Thursday, November 2, 2023

The City of Staten Island?

The thing about New York City is that it isn't a city -- it's several.

The City of New York is basically a holding company, an archipelago of cities, a stuffed box of a municipalities, a necklace wrapped around the throat of New York Harbor -- a true urban empire. 

Brooklyn was and, in many ways, remains its own city. Manhattan and the Bronx used to be the entirety of New York City before annexing Brooklyn and the county of Queens in 1898 -- a county that, by the way, had its own cities (Long Island City and Flushing) plus a bunch of towns and villages.
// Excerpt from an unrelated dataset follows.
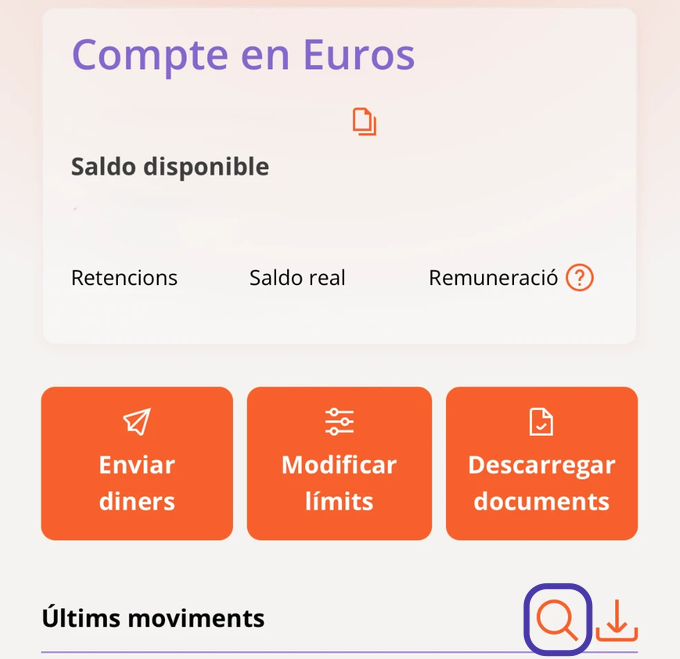 El detall del compte a MyAndbank, amb la lupa marcada al costat d'«Últims moviments».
The fifth wheel, the "Odd-Man In", was the county of Richmond, a lightly populated island of villages, that today is known as Staten Island.

And in any family, there are tensions.

While most of NYC is urban and racially diverse, Staten Island mostly suburban -- and white. While most of NYC is liberal and tolerant, Staten Island is conservative and angry. And while four of the five boroughs has a population of 1.5 to 2.5 million, Staten Island has around half-a-million. It's the black sheep of NYC.
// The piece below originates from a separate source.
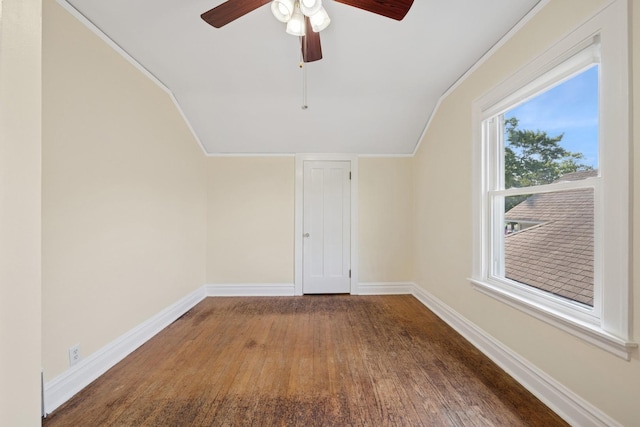 6912 N Osceola Ave, Chicago, IL 60631 - bonus room featuring lofted ceiling, ceiling fan, and wood finished floors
Because it ill-fits the rest of the city, Staten Island has, over the last hundred years, made occasional noises about seceding from NYC and becoming the independent City of Staten Island. In 1993 there was a non-binding referendum about secession that passed -- and then went nowhere in the state legislature.

But now the seceders are making noise again -- they want to establish a commission to examine the legal, political, and economic feasibility of becoming its own city. This article gets into the dirty details of what this would entail.

Make no mistake -- at the heart of this secession "movement" is racism. It's about a bunch of white people who don't want to be governed by a majority-minority government. And it isn't really a movement -- no one's holding rallies or taking to the streets in support of secession -- it's mostly social media posts and the pontifications of politicians who know it'll go nowhere and don't want it to.

Like Brexit or Roe v. Wade or the Iraq War, people talk a lot of hot air about how great it would be if we just broke away/overturned/invaded this Big Bad Thing and then come to rue. Staten Island secession is just another such fever dream -- they would lose all city monies, their property taxes would explode, all the schools and police stations and firehouses and public services would vanish and have to be replaced overnight, they'd have to pay tolls to take the ferry into Manhattan -- it would be a mess. 

I've blogged about this before -- and it remains as true now as then.